• **DIRECTIONS FOR THIS TASK**
Copy the records below exactly, omitting any pictures they contain.

[GIVEN DATA Boundary: Start]

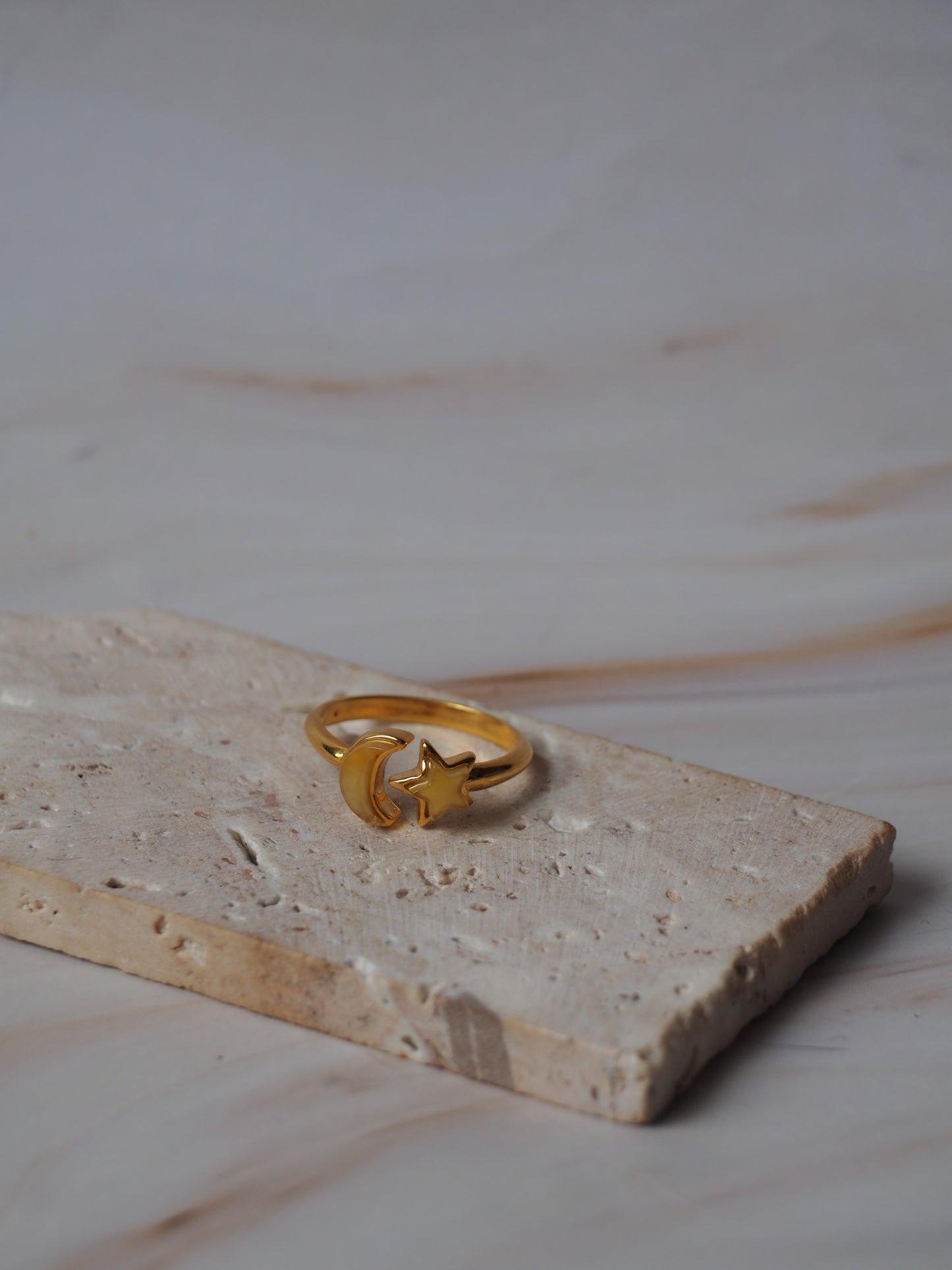 Moon and Star Milk Amber Gold Plated Adjustable Ring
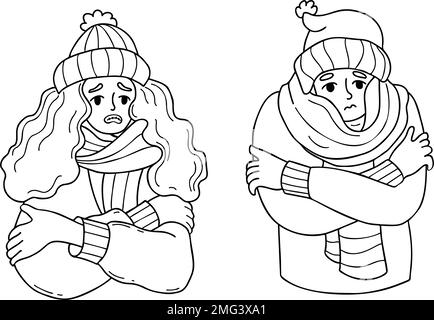 ragazza fredda e uomo in cappello lavorato a maglia e avvolto in sciarpa gelando indossare e brivido. Illustrazione vettoriale di contorno. doodle disegnato a mano. Stagione invernale AN Illustrazione Vettoriale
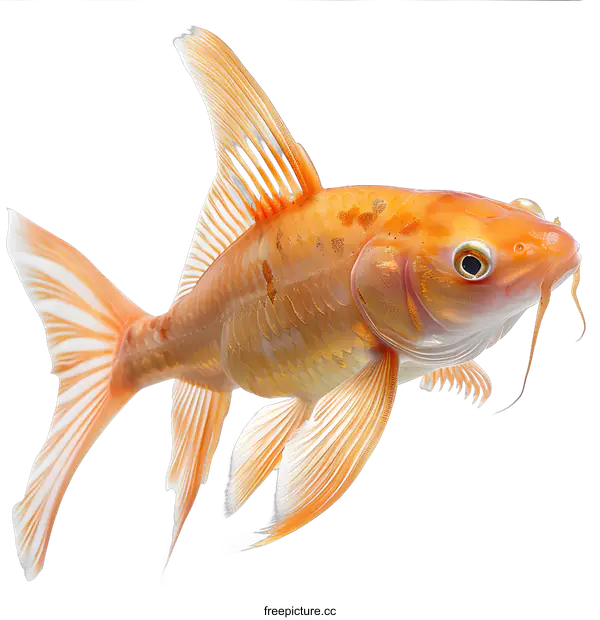 [Transparent Background PNG]A beautiful orange koi fish with long fins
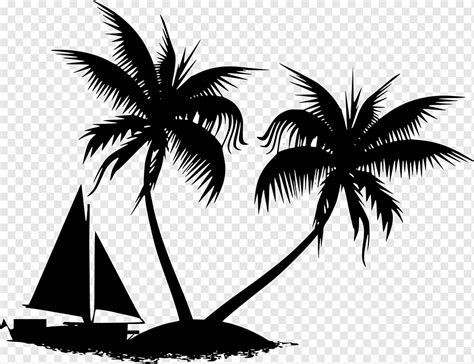 Island, Yacht, Sea, Silhouette, Ship, Tropical, Palm, Nature, Ocean ...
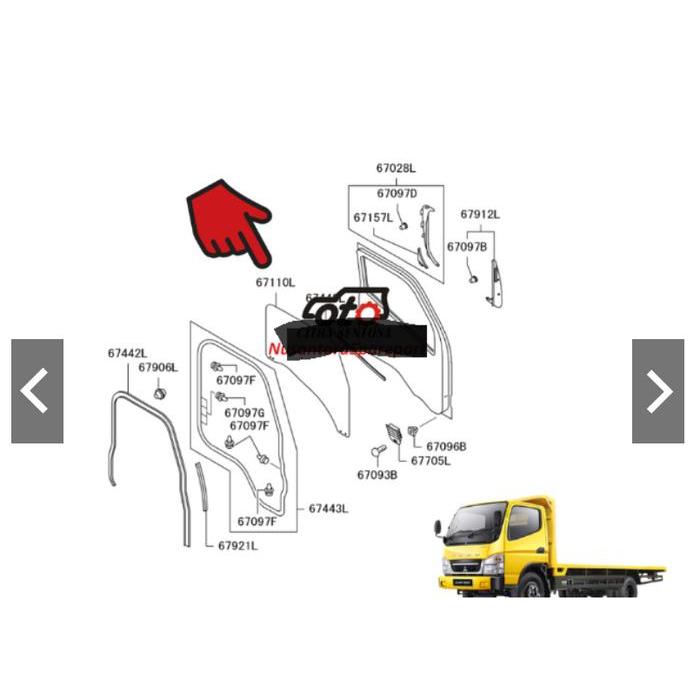 KACA PINTU ORIGINAL MITSUBISHI COLT DIESEL CANTER - KANAN BEST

[GIVEN DATA Boundary: End]

• **EXPECTED ANSWER**
 Moon and Star Milk Amber Gold Plated Adjustable Ring
 ragazza fredda e uomo in cappello lavorato a maglia e avvolto in sciarpa gelando indossare e brivido. Illustrazione vettoriale di contorno. doodle disegnato a mano. Stagione invernale AN Illustrazione Vettoriale
 [Transparent Background PNG]A beautiful orange koi fish with long fins
 Island, Yacht, Sea, Silhouette, Ship, Tropical, Palm, Nature, Ocean ...
 KACA PINTU ORIGINAL MITSUBISHI COLT DIESEL CANTER - KANAN BEST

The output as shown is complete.